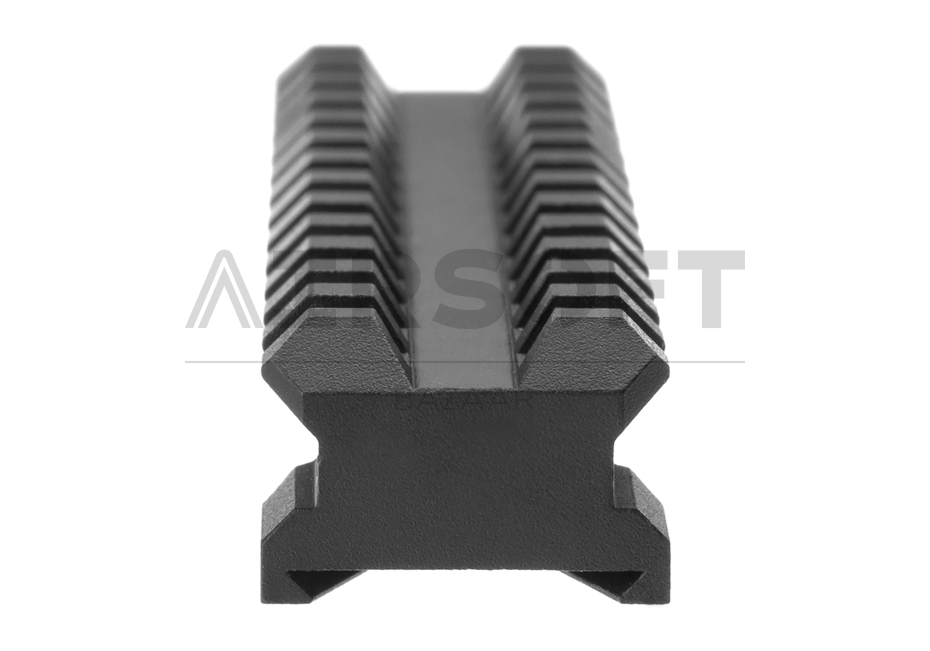 SG550 Low Profile Mount Base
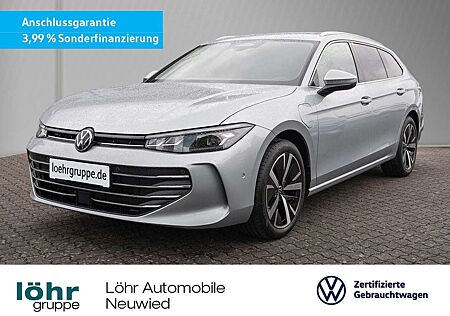 VW Passat Variant Volkswagen 1.5 TSI e-Hybrid Business /AHK
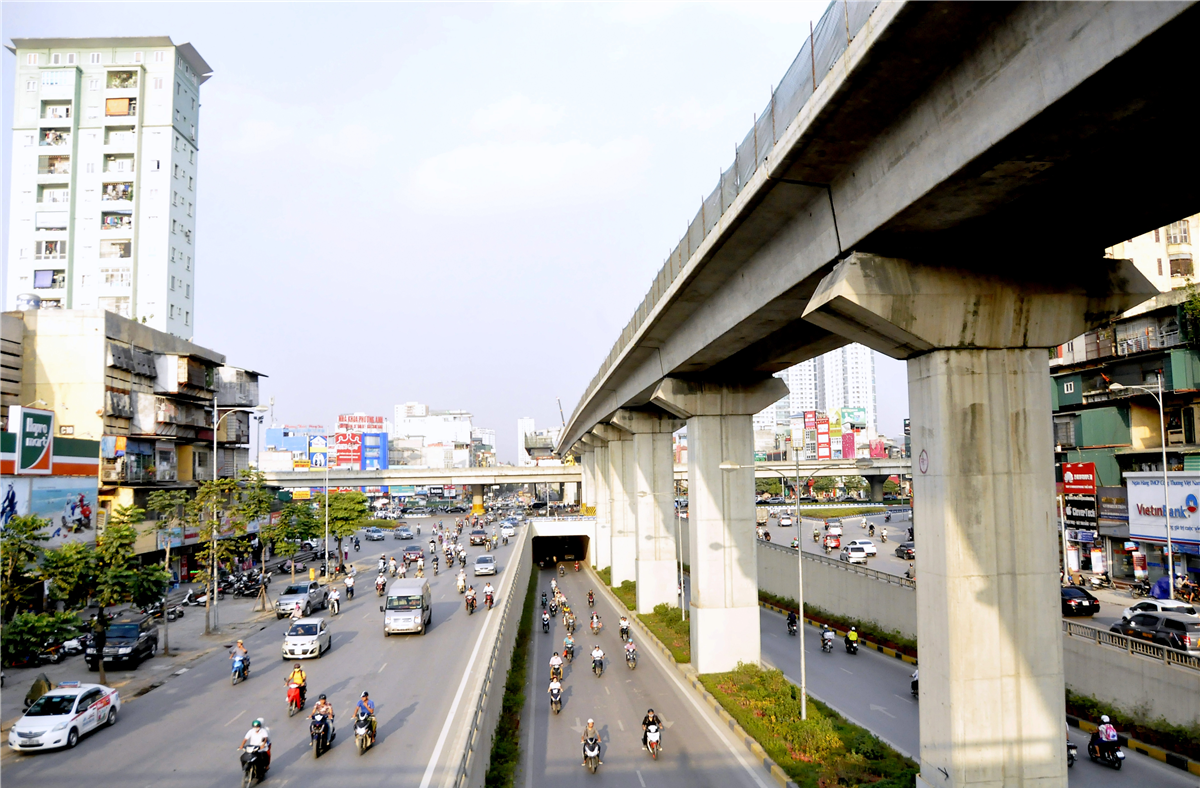   Kiểm toán chuyên đề công tác quản lý nợ công năm 2014: Quản lý nợ nước ngoài còn bất cập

====================

Directions. Print the material above word for word, and keep the pictures out of it.

Answer space.
 SG550 Low Profile Mount Base
 VW Passat Variant Volkswagen 1.5 TSI e-Hybrid Business /AHK
   Kiểm toán chuyên đề công tác quản lý nợ công năm 2014: Quản lý nợ nước ngoài còn bất cập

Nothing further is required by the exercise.